__Work item__
The answer should consist of every line of the material, repeated verbatim.

======

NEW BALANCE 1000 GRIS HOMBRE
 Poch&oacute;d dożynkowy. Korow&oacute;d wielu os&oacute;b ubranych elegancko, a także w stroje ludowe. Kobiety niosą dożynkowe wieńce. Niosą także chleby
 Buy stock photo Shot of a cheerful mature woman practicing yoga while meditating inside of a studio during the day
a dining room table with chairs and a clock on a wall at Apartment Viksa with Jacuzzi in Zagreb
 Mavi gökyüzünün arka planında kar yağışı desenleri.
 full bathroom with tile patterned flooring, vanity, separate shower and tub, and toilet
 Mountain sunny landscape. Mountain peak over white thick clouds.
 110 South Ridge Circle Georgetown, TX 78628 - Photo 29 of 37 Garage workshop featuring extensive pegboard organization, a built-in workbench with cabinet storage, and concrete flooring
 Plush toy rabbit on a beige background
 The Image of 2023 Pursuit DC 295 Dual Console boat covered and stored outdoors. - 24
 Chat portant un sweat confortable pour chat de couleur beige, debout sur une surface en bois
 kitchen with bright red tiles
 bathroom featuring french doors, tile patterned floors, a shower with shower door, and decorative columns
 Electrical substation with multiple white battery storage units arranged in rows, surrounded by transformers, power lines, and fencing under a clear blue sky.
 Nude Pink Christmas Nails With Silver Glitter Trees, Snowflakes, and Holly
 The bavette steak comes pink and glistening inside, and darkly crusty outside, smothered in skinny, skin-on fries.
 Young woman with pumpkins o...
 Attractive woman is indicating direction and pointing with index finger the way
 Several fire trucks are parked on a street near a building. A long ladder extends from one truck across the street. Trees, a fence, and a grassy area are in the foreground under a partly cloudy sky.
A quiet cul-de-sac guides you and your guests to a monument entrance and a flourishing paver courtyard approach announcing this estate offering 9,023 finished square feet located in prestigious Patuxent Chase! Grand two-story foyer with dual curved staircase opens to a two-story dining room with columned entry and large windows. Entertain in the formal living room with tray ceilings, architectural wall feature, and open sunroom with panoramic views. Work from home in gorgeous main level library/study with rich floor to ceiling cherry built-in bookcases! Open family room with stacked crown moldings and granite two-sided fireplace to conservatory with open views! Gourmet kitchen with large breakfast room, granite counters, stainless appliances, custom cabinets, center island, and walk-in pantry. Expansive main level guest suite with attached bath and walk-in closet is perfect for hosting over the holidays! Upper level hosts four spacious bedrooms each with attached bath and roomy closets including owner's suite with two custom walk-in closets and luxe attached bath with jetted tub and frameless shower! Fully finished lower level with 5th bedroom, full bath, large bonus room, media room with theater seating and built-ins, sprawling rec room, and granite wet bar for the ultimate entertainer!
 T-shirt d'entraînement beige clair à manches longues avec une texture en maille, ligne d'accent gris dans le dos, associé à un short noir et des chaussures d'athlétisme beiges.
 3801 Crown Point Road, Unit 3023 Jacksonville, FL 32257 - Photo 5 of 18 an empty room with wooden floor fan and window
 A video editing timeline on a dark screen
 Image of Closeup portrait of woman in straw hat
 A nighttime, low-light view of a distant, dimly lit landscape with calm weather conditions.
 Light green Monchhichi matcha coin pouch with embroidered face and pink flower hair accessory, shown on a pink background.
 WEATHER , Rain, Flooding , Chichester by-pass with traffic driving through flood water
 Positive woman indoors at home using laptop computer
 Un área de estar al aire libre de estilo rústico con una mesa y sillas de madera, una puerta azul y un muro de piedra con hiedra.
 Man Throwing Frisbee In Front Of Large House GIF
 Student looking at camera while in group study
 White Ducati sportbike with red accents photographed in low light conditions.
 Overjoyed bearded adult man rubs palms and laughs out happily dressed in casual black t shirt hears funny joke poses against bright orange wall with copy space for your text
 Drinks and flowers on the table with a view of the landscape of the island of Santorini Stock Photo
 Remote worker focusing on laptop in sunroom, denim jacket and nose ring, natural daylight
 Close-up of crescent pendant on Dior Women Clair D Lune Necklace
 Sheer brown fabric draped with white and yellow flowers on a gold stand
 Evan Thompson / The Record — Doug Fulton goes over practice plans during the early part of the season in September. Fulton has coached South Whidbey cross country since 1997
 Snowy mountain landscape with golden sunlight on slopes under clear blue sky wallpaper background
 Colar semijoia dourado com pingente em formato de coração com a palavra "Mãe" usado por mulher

======

__Solution__
NEW BALANCE 1000 GRIS HOMBRE
 Poch&oacute;d dożynkowy. Korow&oacute;d wielu os&oacute;b ubranych elegancko, a także w stroje ludowe. Kobiety niosą dożynkowe wieńce. Niosą także chleby
 Buy stock photo Shot of a cheerful mature woman practicing yoga while meditating inside of a studio during the day
a dining room table with chairs and a clock on a wall at Apartment Viksa with Jacuzzi in Zagreb
 Mavi gökyüzünün arka planında kar yağışı desenleri.
 full bathroom with tile patterned flooring, vanity, separate shower and tub, and toilet
 Mountain sunny landscape. Mountain peak over white thick clouds.
 110 South Ridge Circle Georgetown, TX 78628 - Photo 29 of 37 Garage workshop featuring extensive pegboard organization, a built-in workbench with cabinet storage, and concrete flooring
 Plush toy rabbit on a beige background
 The Image of 2023 Pursuit DC 295 Dual Console boat covered and stored outdoors. - 24
 Chat portant un sweat confortable pour chat de couleur beige, debout sur une surface en bois
 kitchen with bright red tiles
 bathroom featuring french doors, tile patterned floors, a shower with shower door, and decorative columns
 Electrical substation with multiple white battery storage units arranged in rows, surrounded by transformers, power lines, and fencing under a clear blue sky.
 Nude Pink Christmas Nails With Silver Glitter Trees, Snowflakes, and Holly
 The bavette steak comes pink and glistening inside, and darkly crusty outside, smothered in skinny, skin-on fries.
 Young woman with pumpkins o...
 Attractive woman is indicating direction and pointing with index finger the way
 Several fire trucks are parked on a street near a building. A long ladder extends from one truck across the street. Trees, a fence, and a grassy area are in the foreground under a partly cloudy sky.
A quiet cul-de-sac guides you and your guests to a monument entrance and a flourishing paver courtyard approach announcing this estate offering 9,023 finished square feet located in prestigious Patuxent Chase! Grand two-story foyer with dual curved staircase opens to a two-story dining room with columned entry and large windows. Entertain in the formal living room with tray ceilings, architectural wall feature, and open sunroom with panoramic views. Work from home in gorgeous main level library/study with rich floor to ceiling cherry built-in bookcases! Open family room with stacked crown moldings and granite two-sided fireplace to conservatory with open views! Gourmet kitchen with large breakfast room, granite counters, stainless appliances, custom cabinets, center island, and walk-in pantry. Expansive main level guest suite with attached bath and walk-in closet is perfect for hosting over the holidays! Upper level hosts four spacious bedrooms each with attached bath and roomy closets including owner's suite with two custom walk-in closets and luxe attached bath with jetted tub and frameless shower! Fully finished lower level with 5th bedroom, full bath, large bonus room, media room with theater seating and built-ins, sprawling rec room, and granite wet bar for the ultimate entertainer!
 T-shirt d'entraînement beige clair à manches longues avec une texture en maille, ligne d'accent gris dans le dos, associé à un short noir et des chaussures d'athlétisme beiges.
 3801 Crown Point Road, Unit 3023 Jacksonville, FL 32257 - Photo 5 of 18 an empty room with wooden floor fan and window
 A video editing timeline on a dark screen
 Image of Closeup portrait of woman in straw hat
 A nighttime, low-light view of a distant, dimly lit landscape with calm weather conditions.
 Light green Monchhichi matcha coin pouch with embroidered face and pink flower hair accessory, shown on a pink background.
 WEATHER , Rain, Flooding , Chichester by-pass with traffic driving through flood water
 Positive woman indoors at home using laptop computer
 Un área de estar al aire libre de estilo rústico con una mesa y sillas de madera, una puerta azul y un muro de piedra con hiedra.
 Man Throwing Frisbee In Front Of Large House GIF
 Student looking at camera while in group study
 White Ducati sportbike with red accents photographed in low light conditions.
 Overjoyed bearded adult man rubs palms and laughs out happily dressed in casual black t shirt hears funny joke poses against bright orange wall with copy space for your text
 Drinks and flowers on the table with a view of the landscape of the island of Santorini Stock Photo
 Remote worker focusing on laptop in sunroom, denim jacket and nose ring, natural daylight
 Close-up of crescent pendant on Dior Women Clair D Lune Necklace
 Sheer brown fabric draped with white and yellow flowers on a gold stand
 Evan Thompson / The Record — Doug Fulton goes over practice plans during the early part of the season in September. Fulton has coached South Whidbey cross country since 1997
 Snowy mountain landscape with golden sunlight on slopes under clear blue sky wallpaper background
 Colar semijoia dourado com pingente em formato de coração com a palavra "Mãe" usado por mulher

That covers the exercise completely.